Bu ve benzer sorulara birçok yerde rastlıyorum. Bilmem, bunlara doyurucu bir yanıt verilebilir ya da alınan bu yanıtlarla mutlu olunabilir mi? Ayrıca bu önerilebilecek hazır bir reçete değil ki herkese uygulansın; ama arayış içinde olan insanlar, umutla tutunacak birer dal arıyorlar. Sosyal ve ekonomik sorunların olduğu kadar bireysel kaygıların arttığı bir dönemde, kuşku yok ki her birimiz bu olumsuzluklardan etkileniyoruz. Elbette ki yaşadığımız mutsuzluğun kaynağına inmeden, bunun etkilerinden sıyrılmak oldukça güçtür. Yine de kimilerinin, mutlu olmak varken, sürekli olarak günlerini karartmak için ellerinden geleni yaptıklarını da görüyoruz.
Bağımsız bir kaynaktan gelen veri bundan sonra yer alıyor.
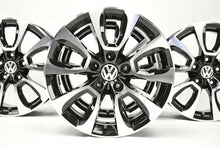 Load image into Gallery viewer, 4x Alufelge 17 Zoll 8.0" 5x120 49ET Glanz Schwarz 2H6601025A VW Amarok Rim Wheel FEL3946855473wd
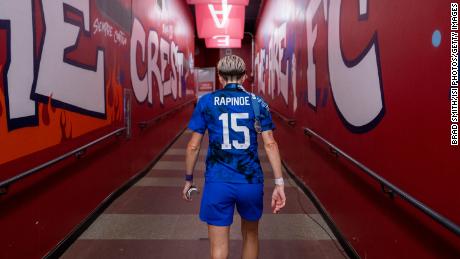 Megan Rapinoe has won two World Cup and Olympic gold with the USWNT.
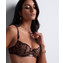 Aubade Crazy In Love Half Cup BH Satin Brown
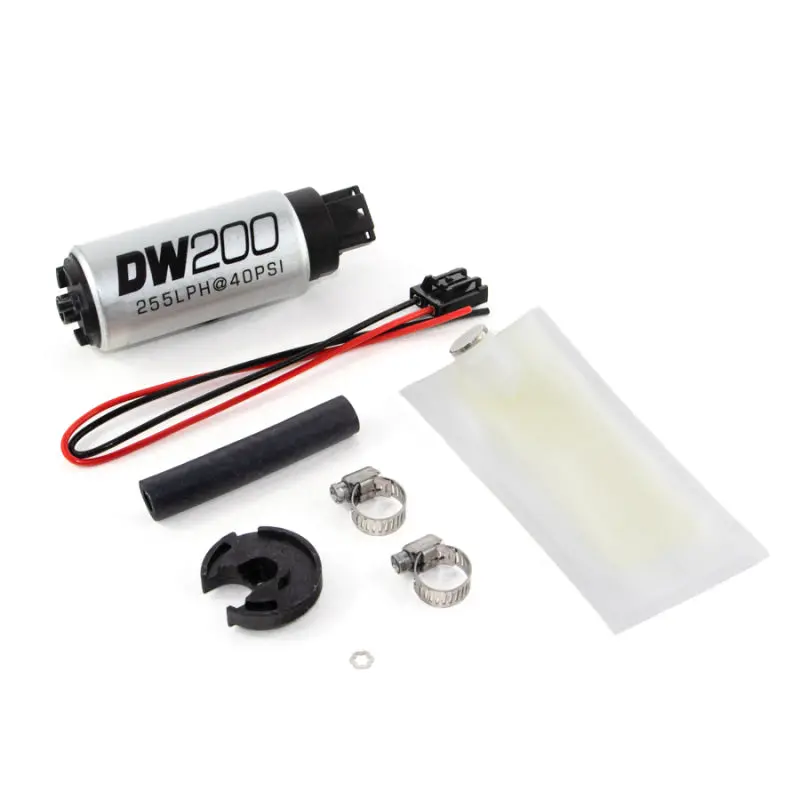 Deatschwerks 255 Lph In-Tank Fuel Pump W/ 94-97 Miata Set Up Kit 1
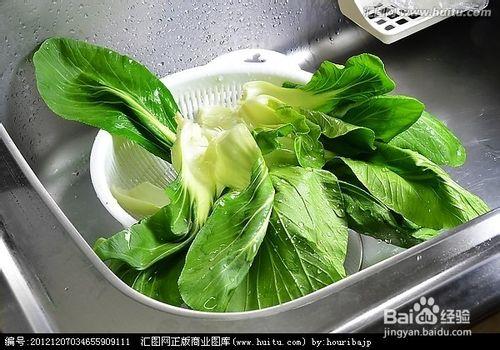 怎麼洗油菜？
Mutlu olmak varken sözü, bana şair A. Kadir’in bir kitabını anımsatıyor. “Ve yaşamak her şeye rağmen en önde!” diyordu bir şiirinde.
Evet, her şeye karşın mutlu olmak isteriz. Düşünürlerin kuramsal yaklaşımları bir yana, hayatın yaşanmaya değer en önemli amacı da bu mutluluktan payımıza düşeni almaktır. Ne var ki kimi zaman karakter yapımız, kimi zaman dış etkenler, kimi zaman da kopamadığımız gelenekler, en mutlu anlarımızı gölgelemeye çalışıyor. Bunun örneklerini farklı inançların uygulamalarında görüyoruz:
Yahudi düğün geleneğinde, tören sırasında damadın, bir torba içine konmuş bardağı ayağıyla kırması, bir Yahudi’nin en mutlu anında bile Süleyman Mabedi’nin yıkılışını unutmaması gerektiğini vurgular.
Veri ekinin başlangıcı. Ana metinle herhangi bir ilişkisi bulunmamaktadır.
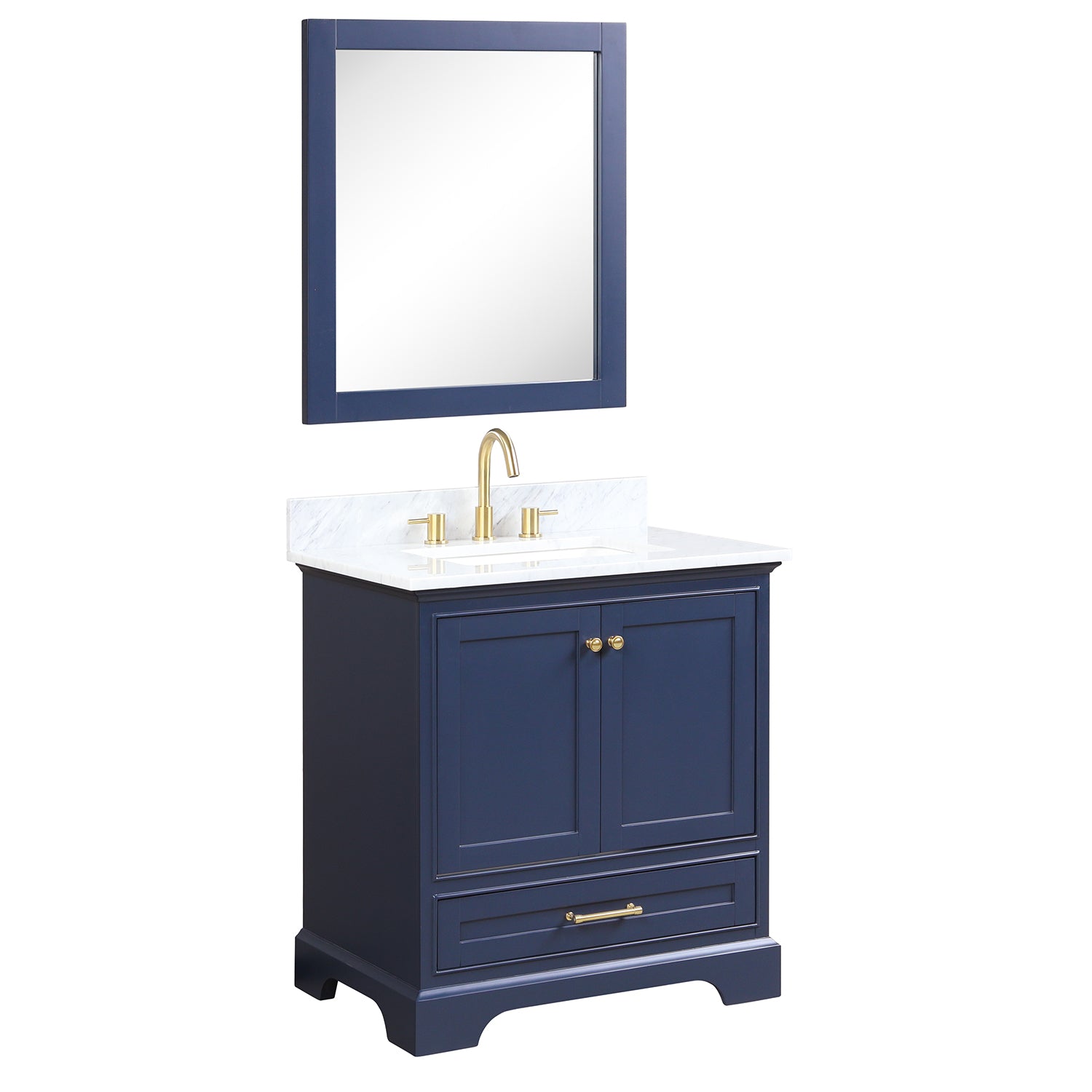 Copenhagen 30″ Vanity  - Shop at Home Craft Studio - 6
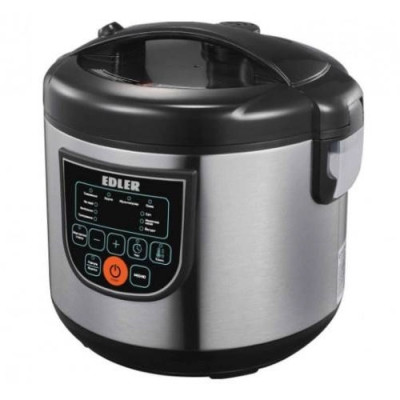 Мультиварка 860Вт 5л Edler EDMC-2005 Чорна 12 программ, механ. керування(гарантія 1 рік) Мультиварка 860Вт 5л Edler EDMC-2005 Чорна 12 программ, механ. керування(гарантія 1 рік)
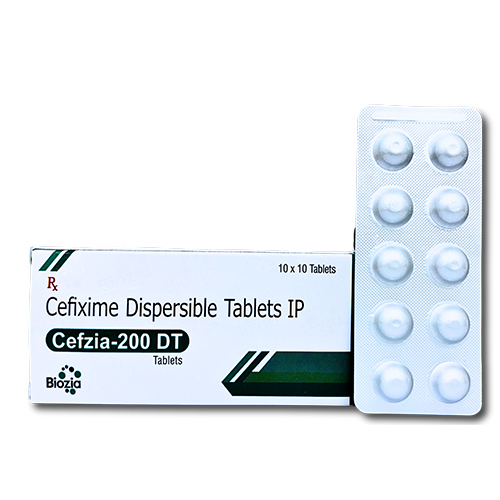 200 Mg Cefixime Dispersible Tablets Ip - Drug Type: General Medicines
Ünlü psikiyatr Carl Gustav Jung, mutluluk sözcüğü hüzünle dengelenmemiş olsaydı, anlamını yitirirdi, der.
Ya ölümü çağrıştıranlar?..
Bir yerde eski Mısırlıların şölen sofralarına kurukafa koyduklarını okumuştum. Bu gelenek, insanlara en keyifli anlarında bile ölümü anımsatmak için uygulanırmış.
Ünlü Roma imparator ve düşünürü Marcus Aurelius, büyük gösteriler sırasında halkın alkışları arasında geçerken, arkasında onu izleyen bir kölenin sıkça şu sözleri fısıldadığı söylenir: “Arkana bak. Ölümlü bir insan olduğunu unutma. Ölümü hatırla!”
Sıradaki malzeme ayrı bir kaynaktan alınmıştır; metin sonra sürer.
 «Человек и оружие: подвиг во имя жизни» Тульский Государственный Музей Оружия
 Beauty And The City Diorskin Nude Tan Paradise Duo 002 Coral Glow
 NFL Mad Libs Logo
Ölümü anımsatan Latince Momento Mori deyişi günümüze kadar birçok gelenekte yer almaktadır. Yine aynı düşünce Budizm’de ‘Maranasati’ olarak geçiyor. Kavramlar değişse de, aynı anlamları taşıdığını görebiliyoruz: Ölümü anımsadığımızda daha mutlu yaşayabiliriz!
Başta tasavvuf olmak üzere birçok inançta yer alan bir eğretileme vardır: Ölmeden önce ölmek! Bu kavramı çok geniş anlamda ele alabiliriz, ama konumuza uygun olarak kendimce şöyle yorumlayabilirim: Bizi mutsuz eden korkularımızı ve hırslarımızı geride bırakarak, yeni değerlerle doğmak! Ölüm düşüncesi bile seçimlerimizi gözden geçirmek için sanırım önemli bir etmen olmaktadır.
Örnekleri çoğaltabiliriz, ama yine de olumsuzlukları anımsayarak mutlu olma düşüncesi doğrusu beni rahatsız ediyor.